Solamente la persona humilde sabe servir y aceptar sus propios límites; sólo ella es capaz de perseverar en el esfuerzo y de ser dócil a la gracia, sin llenarse de orgullo en los éxitos ni desanimarse en las derrotas. Sólo quien es humilde es fecundo. El Beato Josemaría escribió: «Buen Jesús: si he de ser apóstol, es preciso que me hagas muy humilde. El sol envuelve de luz cuanto toca: Señor, lléname de tu claridad, endiósame: que yo me identifique con tu Voluntad adorable, para convertirme en el instrumento que deseas... Dame tu locura de humillación: la que te llevó a nacer pobre, al trabajo sin brillo, a la infamia de morir cosido con hierros a un leño, al anonadamiento del Sagrario. —Que me conozca: que me conozca y que te conozca. Así jamás perderé de vista mi nada»[15].

Queridísimos candidatos al sacerdocio: deseo recordar a vuestros padres, hermanos, parientes y amigos, que vuestra llamada es un regalo también para ellos. El Señor se os muestra hoy más cercano que nunca, mientras recoge los frutos de lo que habéis sembrado desde hace tanto tiempo en el corazón de los nuevos sacerdotes.

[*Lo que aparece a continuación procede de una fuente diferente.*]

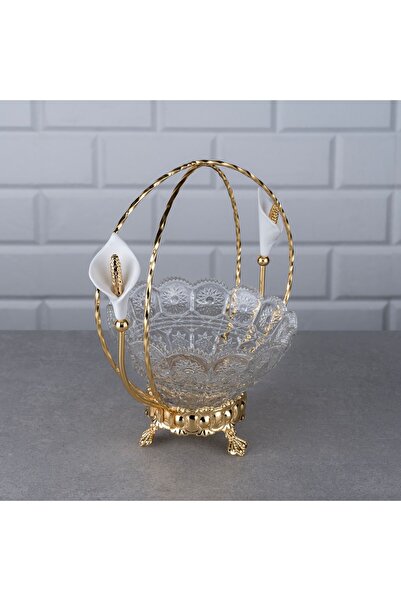 Hinora Porselen Lale Kristal Cam Sepet Şekerlik Sunumluk 21x20x14Cm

Dadle gracias y escuchad lo que os pide a cada uno mediante esta ordenación sacerdotal: os reclama que sostengáis, con vuestra fidelidad a la vocación cristiana, el camino de vuestro hijo, de vuestro hermano, de vuestro amigo, al servicio de la Iglesia.

Recemos por la Iglesia, por el Papa, por el Vicario de la diócesis de Roma, por todos los Obispos y sacerdotes del mundo. Rezamos de modo particular por vosotros, que os disponéis a recibir el Sacramento del Orden. Imploremos al Señor de la mies —hoy de un modo más intenso— para que envíe muchas vocaciones sacerdotales a su Iglesia.

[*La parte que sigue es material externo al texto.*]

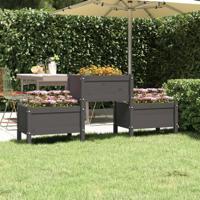 VidaXL Plantenbak 178,5x44x75 cm massief grenenhout grijs - thumbnail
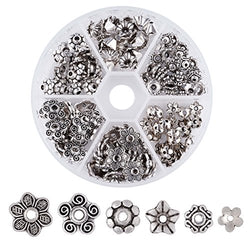 Pandahall 1Box/180pcs Tibetan Style Alloy Flower Petal Bead Caps Beads Spacers for Jewelry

Mientras suplicamos al Señor que os colme de amor y de humildad, recurramos a la intercesión del Beato Josemaría, para que confíe nuestras invocaciones a la Virgen Santísima, Madre de todos los sacerdotes. Así sea.

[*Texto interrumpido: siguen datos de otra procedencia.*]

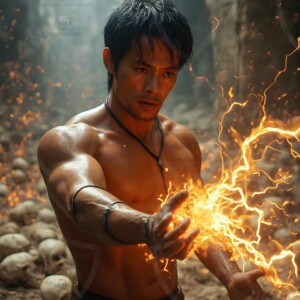 Discover AI-generated elemental mage art handsome male fire, ice, lightning, and earth mages wielding raw magical power in stunning fantasy battle scenes. UHD digital art.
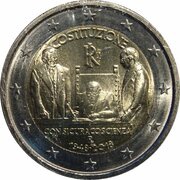 2 Euros Italian Republic Constitution obverse image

[1] Primera lectura (Is 61,1-3)

[2] Evangelio (Jn 10, 16)

[3] BEATO JOSEMARÍA ESCRIVÁ DE BALAGUER, Es Cristo que pasa, n. 131

[4] BEATO JOSEMARÍA ESCRIVÁ DE BALAGUER, Es Cristo que pasa, n. 131.

[5] BEATO JOSEMARÍA ESCRIVÁ DE BALAGUER, Es Cristo que pasa, n. 131.

[6] BEATO JOSEMARÍA ESCRIVÁ DE BALAGUER, Es Cristo que pasa, n. 131.

[7] BEATO JOSEMARÍA ESCRIVÁ DE BALAGUER, Homilia sacerdote para la eternidad, 13-IV-1973

[8] JUAN PABLO II, Exhort. apost. Pastores davo vobis, 25-III-1992, n. 22.

[9] JUAN PABLO II, Exhort. apost. Pastores davo vobis, 25-III-1992, n. 23.

[10] JUAN PABLO II, Exhort. apost. Pastores davo vobis, 25-III-1992, n. 23.

[11] Cfr. JUAN PABLO II, Homilía, 7-X-1989.

[12] Evangelio (Jn 10, 15)

[13] Jn 15, 13.

[14] Ef 5, 15.

[15] BEATO JOSEMARÍA ESCRIVÁ DE BALAGUER, Surco, n. 273.

Romana, n. 29, Julio-Diciembre 1999, p. 237-240.